Editorial-La Jornada
La madrugada de ayer,
la Policía Federal anunció la captura del ex alcalde de Iguala José Luis
Abarca Velázquez y su esposa, María de los Ángeles Pineda Villa, en una
casa paupérrima del barrio de Santa María Aztahuacán, en la delegación
Iztapalapa. Por la tarde, el procurador Jesús Murillo Karam y el
comisionado nacional de seguridad, Monte Alejandro Rubido, dieron a
conocer algunos pormenores de la pesquisa que permitió localizar a la
pareja y a una tercera persona, Noemí Berumen, detenida en otro
domicilio y acusada de encubrir a Abarca y a su cónyuge.

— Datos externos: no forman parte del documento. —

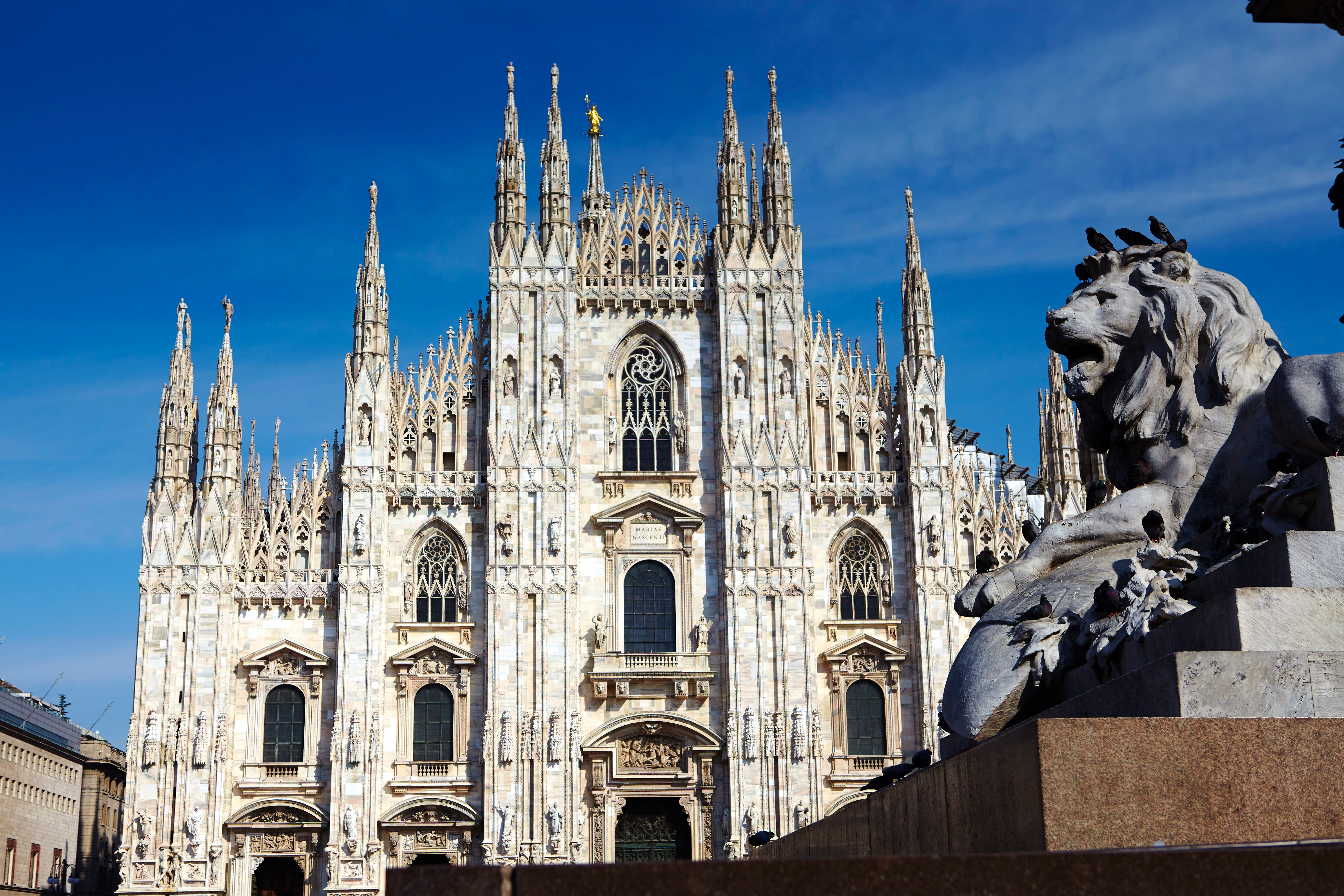 The grand frontage of the Duomo in Milan, Italy.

Aunque resulta comprensible y pertinente que a estas alturas las
autoridades se abstengan de hacer público cualquier dato relacionado con
este indignante episodio sin antes verificarlo minuciosamente, el hecho
es que la detención del ex munícipe y de su pareja –a la que se vincula
con una facción de la delincuencia organizada que participó en el
ataque a los estudiantes– difícilmente contribuirá a despejar la cólera
social por la agresión contra los muchachos normalistas, por la lentitud
con que han reaccionado todas las instancias del poder público y por la
incoherencia de las acciones y versiones oficiales durante los 37 días
transcurridos desde entonces.
Y es que, a pesar de que hay casi 60 detenidos en relación con el crimen y que en la búsqueda de los estudiantes se han realizado despliegues aparatosos de funcionarios públicos civiles, policiales y militares, con todo y las reuniones y los comunicados y tras la renuncia de un gobernador, permanece sin respuesta la pregunta central: dónde están los desaparecidos.
La exigencia de respuesta precisa a esa pregunta ha adquirido dimensiones de clamor internacional y hoy está prevista la realización de una jornada de movilizaciones dentro y fuera de México para protestar por la barbarie perpetrada a fines de septiembre en Iguala, pero también por la persistencia de la inseguridad y de la inadmisible vulnerabilidad ciudadana ante la delincuencia organizada y ante los atropellos de efectivos policiales y castrenses contra civiles, y por la impunidad que sigue imperando en el país.
En estas circunstacias, la captura de Abarca y de Pineda Villa no puede ser esgrimida como un logro, si de ella no se deriva un avance sustancial y rápido en el esclarecimiento del destino de los 43 normalistas de Ayotzinapa, si no es seguida por un deslinde de responsabilidades de otros funcionarios –por acción o por omisión– y si no se procede a una operación mayor de limpieza en el ámbito de las instituciones infiltradas por la criminalidad.